Luckily, it’s not just Teen Dream’s lively tempo that makes it. Throughout the album, Legrand appears at her most ambitious lyrically, crafting songs that are strangely nostalgic and achingly lovelorn, even as their subjects remain hauntingly unclear.

Teen Dream is completely about obsession and all of the richest, most intense feelings of life  —  crushes, insane passion, wonderment,” explained Scally. “It’s about the feelings that kind of get rubbed down by age. All the songs are really different, and they all get at different things about it, but it is that kind of wild and free, passionate feeling that you get from time to time in your life.”

Further upping the artistic ante, the duo has also turned Teen Dream into an interactive affair, curating a DVD of music videos to accompany the album. Each song’s visual counterpoint was developed and executed by a different artist, all friends of the band, and without any direction from Scally or Legrand.

“We wanted it to be the song given to the artist and them giving something back with their vision,” said Scally. “It’s a DVD reaction.

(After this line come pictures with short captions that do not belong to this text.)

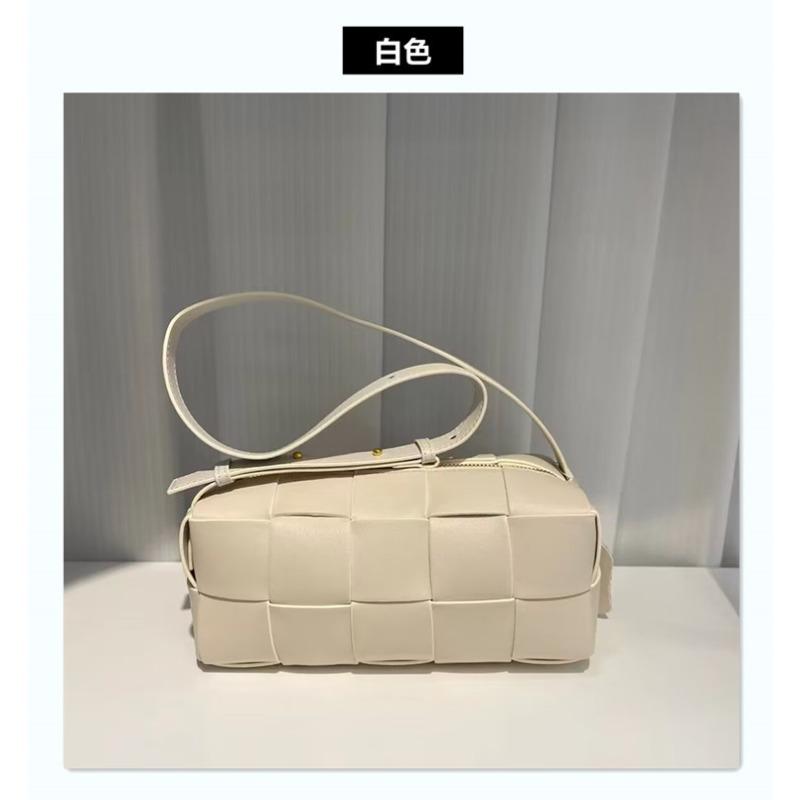 Leather Brick Woven Bag Women's Pink Versatile Shoulder Armpit Bag New High-end Portable Pillow Bag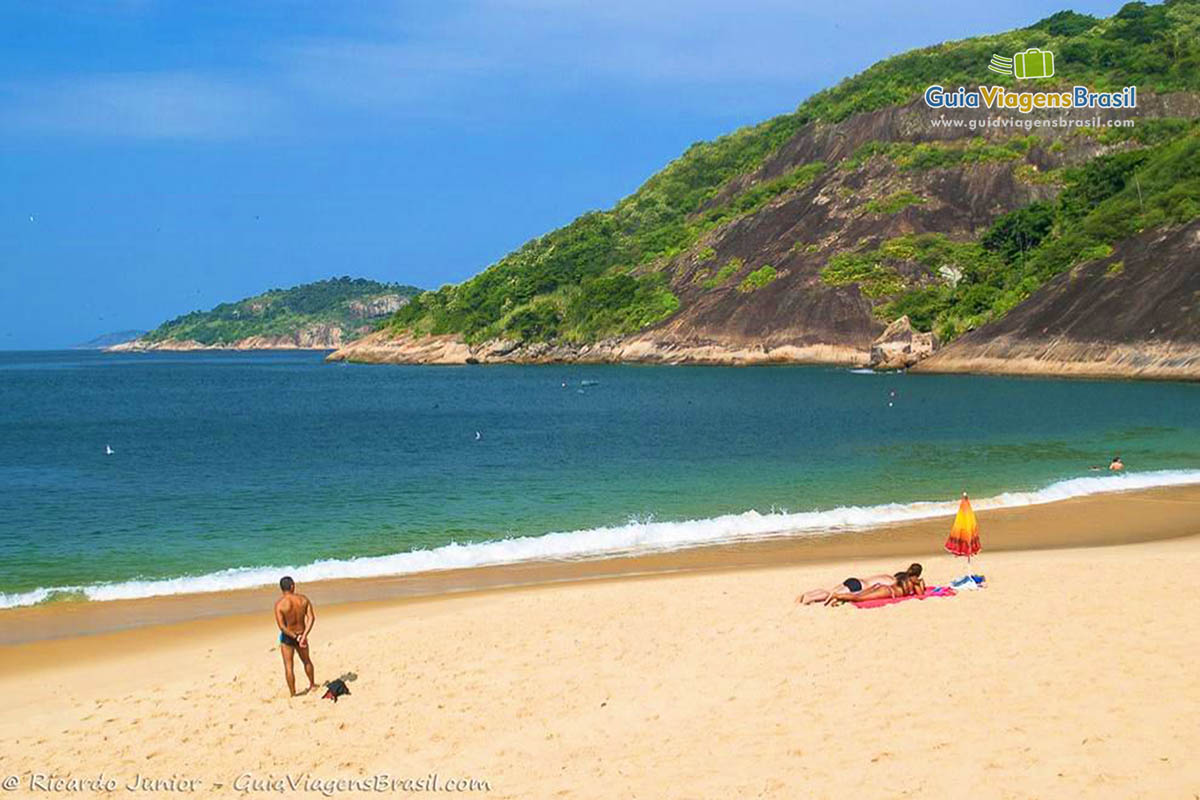 Imagem da charmosa Praia Vermelha.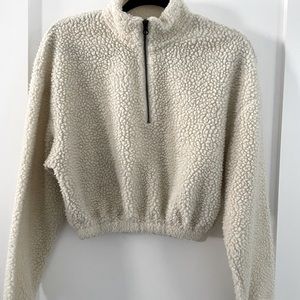 Nicki Studios “silhouettes”boucle cropped sweater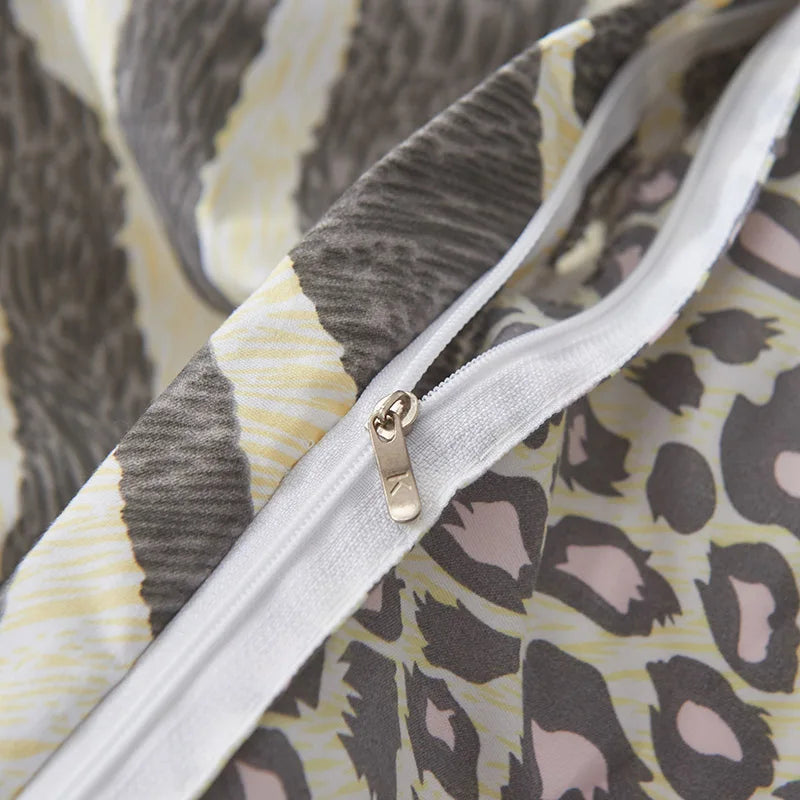 Black White Print Duvet Bed Set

It’s not like music videos in the traditional sense of one.”

But that’s really no surprise, as these two pop auteurs have long strayed from the traditional. They write almost exclusively in seclusion and fully orchestrate their tracks before ever even stepping foot in a recording studio. They take their art seriously, but not pretentiously, and are the first to joke about Teen Dream being their “sellout” album. And they pay minute detail to their live shows.

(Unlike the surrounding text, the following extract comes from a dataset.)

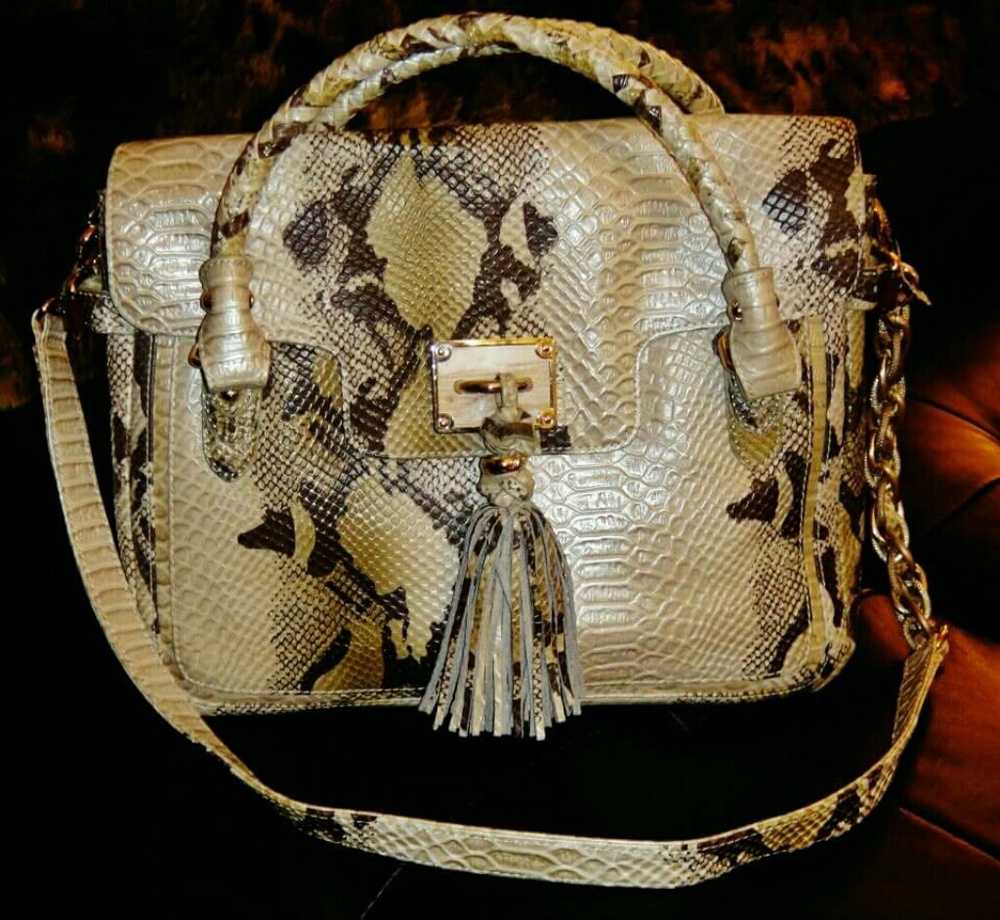 Authentic Elliott Lucca handbag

As for this round of dates, which includes a stop at SOhO this Friday, April 16, Scally explains, “We’re taking it very seriously. Whatever people have experienced in their homes, we want to make something as heavy as that happen live. At this point, the only way to survive is to make it amazing every night and try to do something new and try to give people something that they would never expect, but that they love. We’ll see if it works.”